Here is a look at how people have been affected:
– People with significant pension pots
Wealthier pension savers with significant sums to put away will be boosted by an increase the pensions annual allowance – the limit on how much money people can build up in their pension in any one tax year while still benefiting from tax relief – from £40,000 to £60,000.
The lifetime pensions allowance meanwhile will be abolished. It has stood at £1.07 million, with savers incurring tax after that personal pension pot threshold was exceeded.
The move could particularly help people in senior roles, such as those working in the NHS, to remain in the workplace.
Chancellor Jeremy Hunt announced an expansion of free childcare for children over the age of nine months.
Plans include providing 30 hours a week of childcare for eligible working parents in England with children as young as nine months old.
The state will also pay the childcare costs of parents on Universal Credit moving into work or increasing their hours upfront, rather than in arrears, removing a major barrier to work for people receiving benefits.
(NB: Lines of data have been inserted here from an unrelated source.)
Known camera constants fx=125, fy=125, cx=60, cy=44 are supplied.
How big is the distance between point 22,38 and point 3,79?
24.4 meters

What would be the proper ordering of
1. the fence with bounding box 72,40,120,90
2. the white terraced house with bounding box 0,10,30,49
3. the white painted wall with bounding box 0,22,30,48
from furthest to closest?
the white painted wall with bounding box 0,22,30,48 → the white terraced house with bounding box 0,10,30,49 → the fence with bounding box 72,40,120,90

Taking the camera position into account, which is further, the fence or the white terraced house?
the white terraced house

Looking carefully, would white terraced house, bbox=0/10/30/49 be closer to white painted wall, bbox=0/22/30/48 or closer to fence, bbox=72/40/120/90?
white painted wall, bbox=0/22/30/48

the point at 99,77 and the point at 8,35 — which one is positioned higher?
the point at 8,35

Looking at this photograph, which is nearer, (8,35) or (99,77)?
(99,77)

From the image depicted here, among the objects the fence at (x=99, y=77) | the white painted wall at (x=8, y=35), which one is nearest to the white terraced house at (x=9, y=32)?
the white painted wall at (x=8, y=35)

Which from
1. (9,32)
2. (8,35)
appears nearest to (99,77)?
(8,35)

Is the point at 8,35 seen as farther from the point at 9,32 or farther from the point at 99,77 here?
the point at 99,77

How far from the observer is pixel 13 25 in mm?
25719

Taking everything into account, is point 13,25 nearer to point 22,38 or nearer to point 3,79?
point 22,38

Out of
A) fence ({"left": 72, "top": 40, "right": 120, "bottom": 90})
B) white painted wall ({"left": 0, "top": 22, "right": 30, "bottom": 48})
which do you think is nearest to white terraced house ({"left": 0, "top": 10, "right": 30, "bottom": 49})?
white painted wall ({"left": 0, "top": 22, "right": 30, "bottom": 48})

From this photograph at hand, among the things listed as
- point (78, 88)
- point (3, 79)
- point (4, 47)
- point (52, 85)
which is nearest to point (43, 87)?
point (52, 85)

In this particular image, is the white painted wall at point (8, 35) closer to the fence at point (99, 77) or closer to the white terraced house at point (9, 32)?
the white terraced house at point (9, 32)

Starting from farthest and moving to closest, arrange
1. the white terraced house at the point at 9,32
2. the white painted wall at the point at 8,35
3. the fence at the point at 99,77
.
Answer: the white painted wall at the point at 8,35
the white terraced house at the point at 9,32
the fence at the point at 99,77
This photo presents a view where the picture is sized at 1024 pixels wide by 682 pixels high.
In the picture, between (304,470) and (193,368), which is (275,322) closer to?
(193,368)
The funding paid to nurseries for the existing free hours offer will be increased and schools and local authorities will be funded to increase the supply of wraparound care, so parents of school-age children can drop children off between 8am and 6pm.
– Energy bill payers
The Treasury has U-turned on plans to reduce energy support for households from April 1, easing at least some of the added pressure that households were facing from high bills.
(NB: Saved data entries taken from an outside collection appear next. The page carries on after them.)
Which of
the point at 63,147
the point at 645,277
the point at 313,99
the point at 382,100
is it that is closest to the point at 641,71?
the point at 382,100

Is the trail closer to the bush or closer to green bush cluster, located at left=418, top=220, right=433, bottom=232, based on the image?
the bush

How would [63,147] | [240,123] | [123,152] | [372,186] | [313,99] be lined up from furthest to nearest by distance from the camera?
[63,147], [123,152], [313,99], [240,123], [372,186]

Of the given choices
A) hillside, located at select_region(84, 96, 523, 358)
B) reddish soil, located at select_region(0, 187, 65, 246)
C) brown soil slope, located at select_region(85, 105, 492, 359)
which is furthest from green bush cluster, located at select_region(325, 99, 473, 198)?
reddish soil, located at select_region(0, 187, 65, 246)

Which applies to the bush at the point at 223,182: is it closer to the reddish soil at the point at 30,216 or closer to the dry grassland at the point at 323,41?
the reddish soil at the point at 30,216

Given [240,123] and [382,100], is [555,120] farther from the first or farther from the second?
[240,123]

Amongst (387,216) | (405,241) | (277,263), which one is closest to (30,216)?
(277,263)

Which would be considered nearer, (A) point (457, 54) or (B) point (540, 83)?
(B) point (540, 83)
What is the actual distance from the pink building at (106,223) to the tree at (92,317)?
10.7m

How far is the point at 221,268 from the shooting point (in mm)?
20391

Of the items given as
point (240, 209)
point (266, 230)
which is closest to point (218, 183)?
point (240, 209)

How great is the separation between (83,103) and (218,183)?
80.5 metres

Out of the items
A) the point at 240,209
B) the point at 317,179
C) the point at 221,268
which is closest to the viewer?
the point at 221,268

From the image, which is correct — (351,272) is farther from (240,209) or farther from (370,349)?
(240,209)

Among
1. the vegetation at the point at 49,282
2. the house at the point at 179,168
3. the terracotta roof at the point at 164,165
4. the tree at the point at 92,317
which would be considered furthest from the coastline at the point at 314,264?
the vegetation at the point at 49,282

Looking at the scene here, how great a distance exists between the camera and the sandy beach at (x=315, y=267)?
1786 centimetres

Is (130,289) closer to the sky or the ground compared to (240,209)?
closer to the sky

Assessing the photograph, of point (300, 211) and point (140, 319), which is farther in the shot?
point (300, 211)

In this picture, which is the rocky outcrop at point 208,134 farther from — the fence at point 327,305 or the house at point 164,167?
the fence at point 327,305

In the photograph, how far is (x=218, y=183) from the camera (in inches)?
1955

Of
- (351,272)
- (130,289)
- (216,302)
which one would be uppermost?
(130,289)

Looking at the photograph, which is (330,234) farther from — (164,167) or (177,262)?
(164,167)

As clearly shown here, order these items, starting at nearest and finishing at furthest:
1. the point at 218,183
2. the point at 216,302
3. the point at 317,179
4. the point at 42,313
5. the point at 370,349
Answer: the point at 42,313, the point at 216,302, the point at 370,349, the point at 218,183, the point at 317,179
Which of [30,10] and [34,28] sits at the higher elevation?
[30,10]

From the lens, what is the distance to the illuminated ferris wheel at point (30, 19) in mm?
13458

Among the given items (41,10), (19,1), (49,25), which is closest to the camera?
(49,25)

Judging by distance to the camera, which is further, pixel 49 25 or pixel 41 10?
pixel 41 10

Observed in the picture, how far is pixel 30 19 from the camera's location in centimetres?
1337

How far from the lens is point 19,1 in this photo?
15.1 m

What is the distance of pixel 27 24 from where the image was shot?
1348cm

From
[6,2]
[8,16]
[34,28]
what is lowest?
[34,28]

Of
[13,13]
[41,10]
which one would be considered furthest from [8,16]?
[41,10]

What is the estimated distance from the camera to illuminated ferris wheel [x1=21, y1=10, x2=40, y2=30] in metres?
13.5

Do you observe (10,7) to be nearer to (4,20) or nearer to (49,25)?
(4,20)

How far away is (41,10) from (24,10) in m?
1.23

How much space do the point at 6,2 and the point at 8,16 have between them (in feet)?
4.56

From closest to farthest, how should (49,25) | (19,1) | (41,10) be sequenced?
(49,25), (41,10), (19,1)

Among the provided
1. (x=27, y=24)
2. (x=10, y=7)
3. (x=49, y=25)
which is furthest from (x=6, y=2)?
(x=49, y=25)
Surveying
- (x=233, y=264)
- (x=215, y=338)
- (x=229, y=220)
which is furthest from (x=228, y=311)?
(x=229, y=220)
The support scheme has limited a typical household energy bill to £2,500 since October, but this was due to increase to £3,000 in April. The scheme will now be extended at £2,500 for another three months.
However, bill payers still face having to find an extra £67 a month to pay their energy bills from April when the Energy Bill Support Scheme – which has seen households receive six monthly payments of £66 or £67 direct to their energy accounts – comes to an end.
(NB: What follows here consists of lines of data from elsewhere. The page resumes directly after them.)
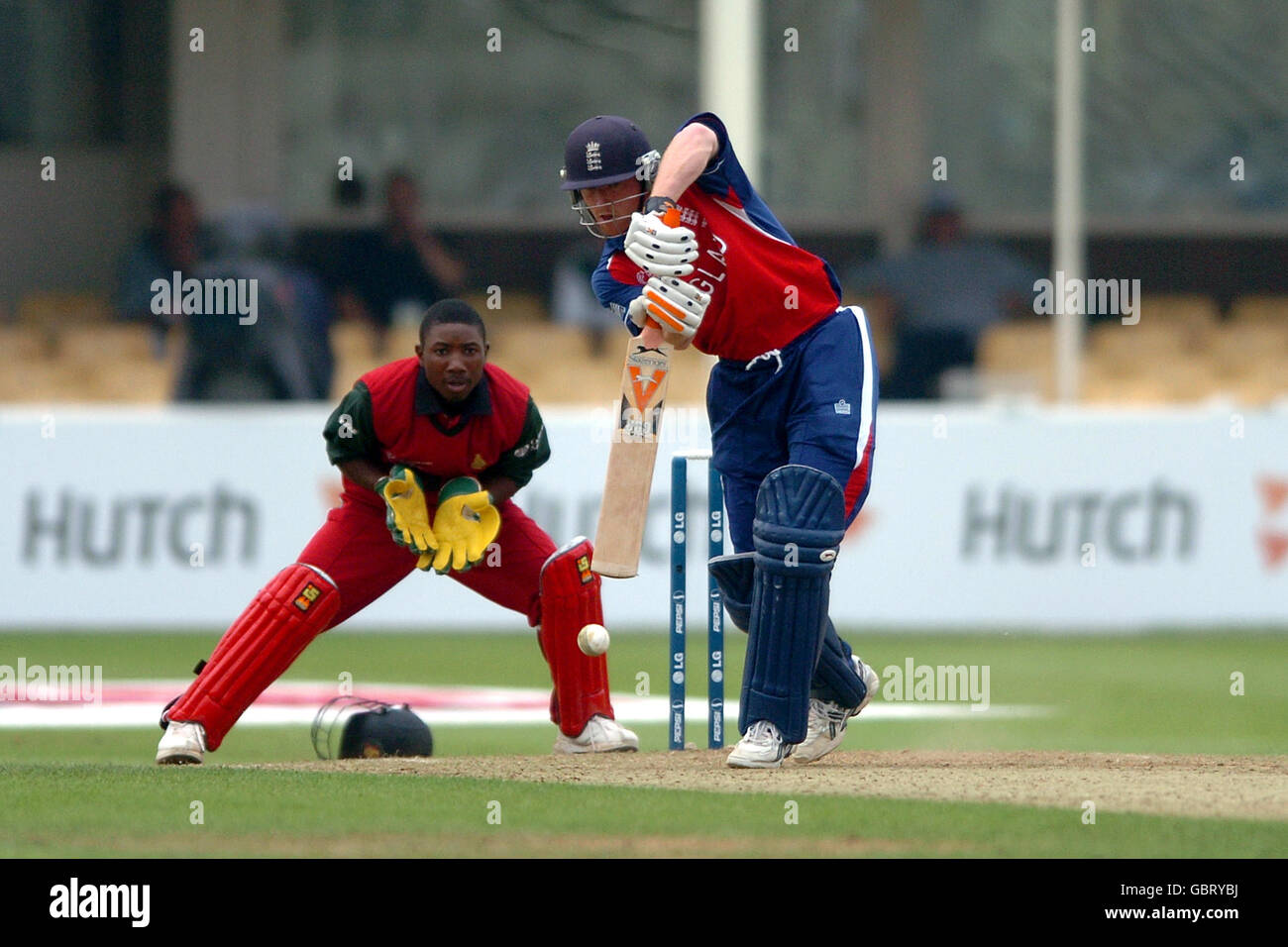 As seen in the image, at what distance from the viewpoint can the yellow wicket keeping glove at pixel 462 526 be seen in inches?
302

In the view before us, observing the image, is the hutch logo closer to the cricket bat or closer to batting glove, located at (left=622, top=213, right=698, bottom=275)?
the cricket bat

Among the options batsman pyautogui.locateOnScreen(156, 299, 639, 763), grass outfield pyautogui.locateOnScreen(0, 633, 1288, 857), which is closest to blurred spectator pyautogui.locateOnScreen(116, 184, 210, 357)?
grass outfield pyautogui.locateOnScreen(0, 633, 1288, 857)

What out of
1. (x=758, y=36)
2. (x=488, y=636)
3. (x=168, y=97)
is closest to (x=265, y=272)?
(x=488, y=636)

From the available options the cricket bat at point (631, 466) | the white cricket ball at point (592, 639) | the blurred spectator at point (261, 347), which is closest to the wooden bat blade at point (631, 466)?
the cricket bat at point (631, 466)

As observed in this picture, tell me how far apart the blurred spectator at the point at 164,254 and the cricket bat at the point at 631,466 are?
29.4ft

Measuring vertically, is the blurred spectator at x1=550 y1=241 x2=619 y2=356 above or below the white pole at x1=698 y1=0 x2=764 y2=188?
below

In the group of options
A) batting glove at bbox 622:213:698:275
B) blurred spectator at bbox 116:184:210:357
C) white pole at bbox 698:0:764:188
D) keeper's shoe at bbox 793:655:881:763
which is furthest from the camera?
blurred spectator at bbox 116:184:210:357

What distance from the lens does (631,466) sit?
7.05 m

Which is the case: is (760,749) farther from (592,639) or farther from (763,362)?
(763,362)

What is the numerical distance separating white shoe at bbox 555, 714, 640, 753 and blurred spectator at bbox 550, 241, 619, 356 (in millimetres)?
9229

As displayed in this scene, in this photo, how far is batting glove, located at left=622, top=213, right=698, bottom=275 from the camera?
640 cm

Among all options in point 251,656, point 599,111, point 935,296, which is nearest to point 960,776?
point 251,656

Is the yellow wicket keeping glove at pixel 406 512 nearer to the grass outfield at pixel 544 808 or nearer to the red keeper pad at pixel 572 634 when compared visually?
the red keeper pad at pixel 572 634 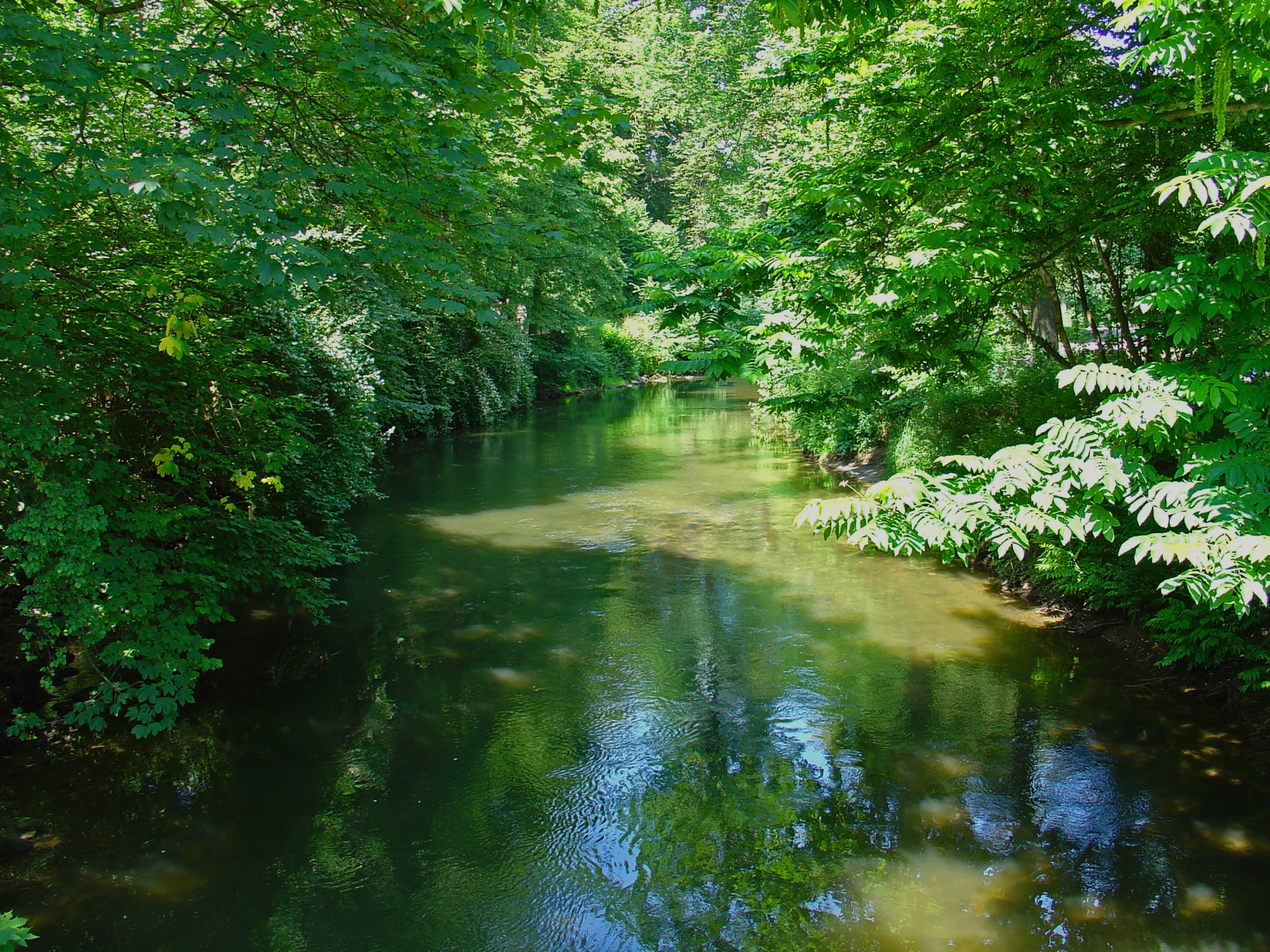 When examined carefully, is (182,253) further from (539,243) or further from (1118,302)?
(1118,302)

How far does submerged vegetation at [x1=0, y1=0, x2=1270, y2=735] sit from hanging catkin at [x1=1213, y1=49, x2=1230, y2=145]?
0.02 metres

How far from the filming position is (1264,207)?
134 inches

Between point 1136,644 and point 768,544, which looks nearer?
point 1136,644

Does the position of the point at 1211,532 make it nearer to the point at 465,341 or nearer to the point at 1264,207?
the point at 1264,207

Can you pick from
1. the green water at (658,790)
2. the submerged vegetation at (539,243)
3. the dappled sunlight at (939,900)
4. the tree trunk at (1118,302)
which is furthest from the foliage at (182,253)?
the tree trunk at (1118,302)

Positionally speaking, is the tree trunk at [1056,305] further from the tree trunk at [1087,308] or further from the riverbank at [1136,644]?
the riverbank at [1136,644]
In further signs of the pressure easing, from July, lower wholesale gas prices are expected to feed through further to customers. Wednesday’s announcement will help to bridge the gap until this happens.
A planned 11p rise in fuel duty will be cancelled, maintaining last year’s 5p cut for another 12. The Government said this will save a typical driver another £100 on top of the £100 saved so far since last year’s cut.
Funding to fix potholes across England will be boosted by £200 million. The Government’s Potholes Fund will be increased to £700 million in the 2023/24 financial year.
– Pubs and their customers
The generosity of draught relief has been extended, so that the duty on an average draught pint of beer served in a pub both does not increase from August and will be up to 11p lower than the duty in supermarkets. The commitment to duty on a pub pint being lower than at the supermarket has been termed the “Brexit pubs guarantee” by the Government.
– Leisure centres
Some £63 million will help leisure centres with swimming pools meet energy costs and become more efficient.
– Some benefits claimants
Amid efforts to encourage people into the workplace, there will be a ramping up of sanctions for claimants who do not look for or take up employment.
Budget documents said that the Government is strengthening the way the sanctions regime is applied, including ensuring that work coaches have the tools and training to implement sanctions as effectively as possible, including for failing to take up a job.
Annual subscription limits for tax-free Isas will remain frozen at £20,000, at a time when surging inflation has been eroding the real value of people’s savings.
The Chancellor has resisted demands from Conservative MPs, including Boris Johnson, to scrap April’s increase in corporation tax from 19% to 25%.
However, he has promised a generous set of reliefs to help firms reduce their bills.
A new policy of “full expensing” will mean that every pound a company invests in IT equipment, plant or machinery can be deducted in full and immediately from taxable profit.
Some commentators have urged more action to support the housing and rental markets.
Nick Leeming, chairman of estate agent Jackson-Stops said: “Measures such as offering a tax break incentive for downsizers – or indeed right-sizers – to find a home that suits their changing lifestyle, would free up much needed housing stock at the middle and upper end of the market, and one that could be well received amongst older homeowners who are suffering most with high energy costs.”
Polly Neate, chief executive of Shelter, said: “The Chancellor could have put an end to spiralling homelessness, but instead he’s stuck his head in the sand.”
She added: “Yet again we have a Budget that does nothing to help struggling renters who are drowning in debt and rapidly rising rents.”